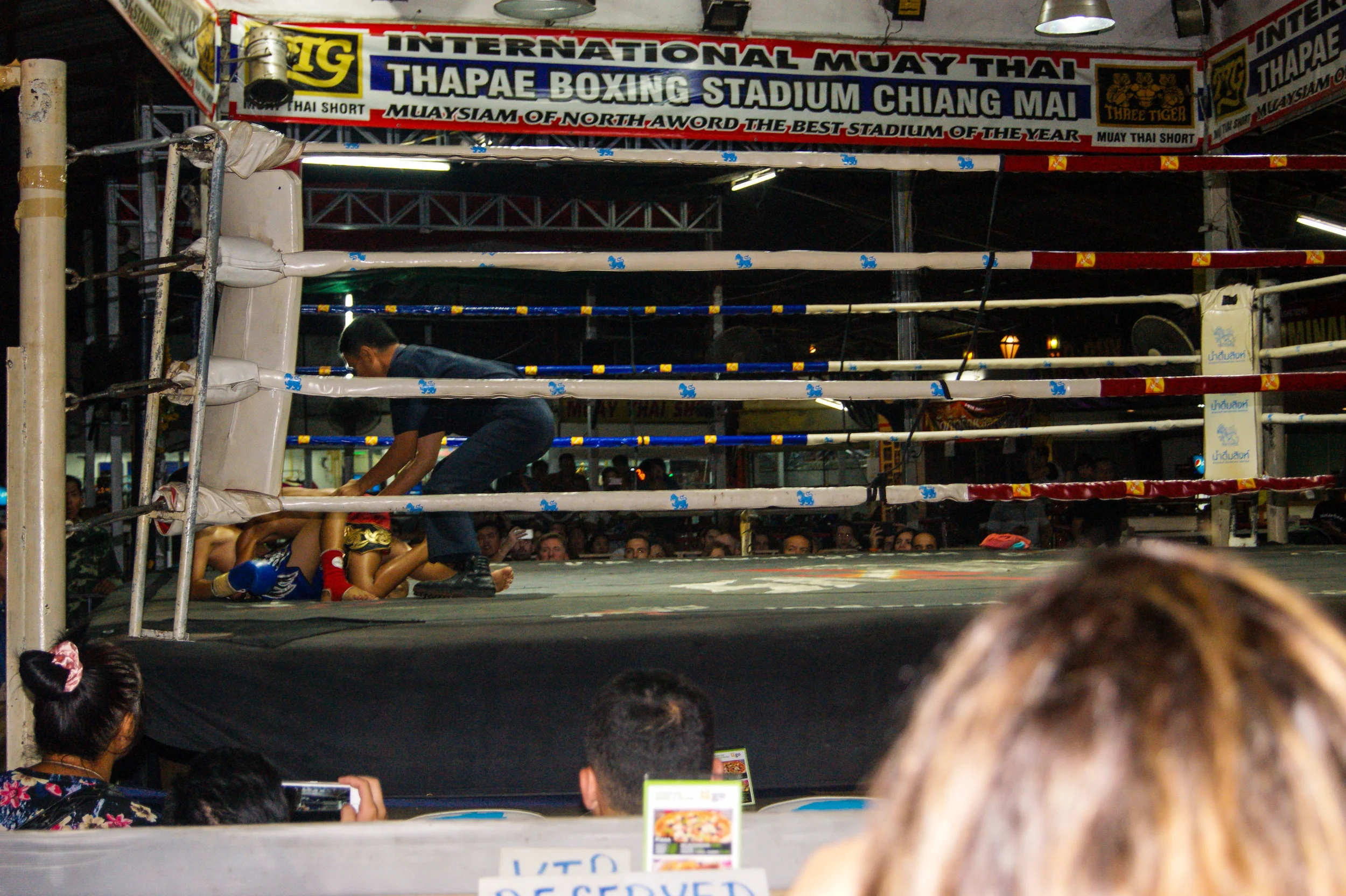 DSC04808.jpg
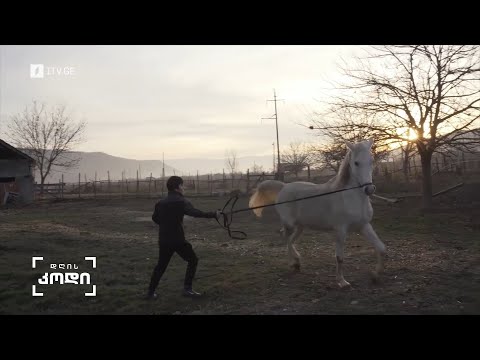 “ხეობის ხმები” - მულტიმედიური პროექტი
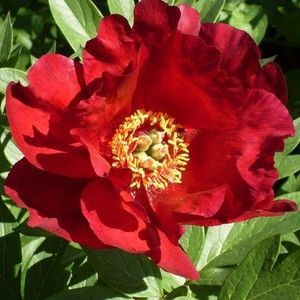 купити Півонія Itoh Sonoma Velvet Ruby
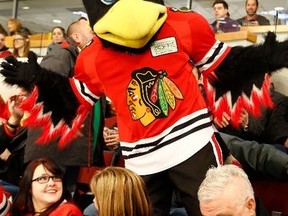 Do not mess around with Blackhawks mascot, Tommy Hawk.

--------------------------------

» PROBLEM: Every line of the material must be returned verbatim, and pictures must be left behind.

» ANSWER BOX:
 DSC04808.jpg
 “ხეობის ხმები” - მულტიმედიური პროექტი
 купити Півонія Itoh Sonoma Velvet Ruby
 Do not mess around with Blackhawks mascot, Tommy Hawk.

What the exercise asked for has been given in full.